Windhoek’s main taxi rank next to the Wernhil Shopping Complex is turning into a hive of criminal activity where commuters are no longer safe, especially during the evening. The general appearance of the taxi rank reflects neglect, a factor named by several Katutura commuters as the underlying cause for the lack of safety.
Because of the chaos, confusion, pervasive litter and frequent, almost daily, muggings at the Wernhil taxi rank, the Economist wanted to find out what the Wernhil property manager and the City of Windhoek are doing to solve the problem. Customers are harassed by taxi drivers and thieves freely pick pocket commuters and at times, even shoppers in Wernhil itself.
Sylvia Rusch, Marketing and Public Relation Manager of Broll Namibia who is responsible for Wernhil said that they try to make sure that the customers are safe inside Wernhil. “The security guards make sure of that and chase the taxi drivers out of the building to stop them from harassing customers. Other than that we can do nothing outside of Wernhil, that is the responsibility of the City of Windhoek and the City Police, and we have communicated this to the City Police,” she said.
Mr Erwin Kamundu of the public transport department of the City of Windhoek said that they are not responsible for managing what happens at the taxi rank because that is the responsibility of the City Police. “We are responsible for making sure that the premises are clean and we have a hired a contractor to make sure of this, other than that our hands are tied,” he explained.
A spokesperson for the City Police said all they can do is respond to incidents if people call them and that they occasionally do patrols at the taxi rank especially at night.
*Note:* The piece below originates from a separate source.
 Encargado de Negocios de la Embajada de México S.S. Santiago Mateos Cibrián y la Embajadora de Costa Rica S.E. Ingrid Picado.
The officer encouraged the public to call them if they get robbed there, promising that the City Police will come to help them.
But Sylvia Nambili, who is a sales representative at Sheet Street said that even if they call the police they do not arrive and that the City Police only patrols Independence Avenue to make sure that the taxi drivers do not stop illegally. “Which is good but they should also come inside the taxi rank and stop the harassment by taxi drivers and especially by the drunk homeless people who frequent that area. I dread taking a taxi here every day,” she added.
The Namibian Bus and Taxi Association (Nabta) did not respond to questions sent to them by the Economist.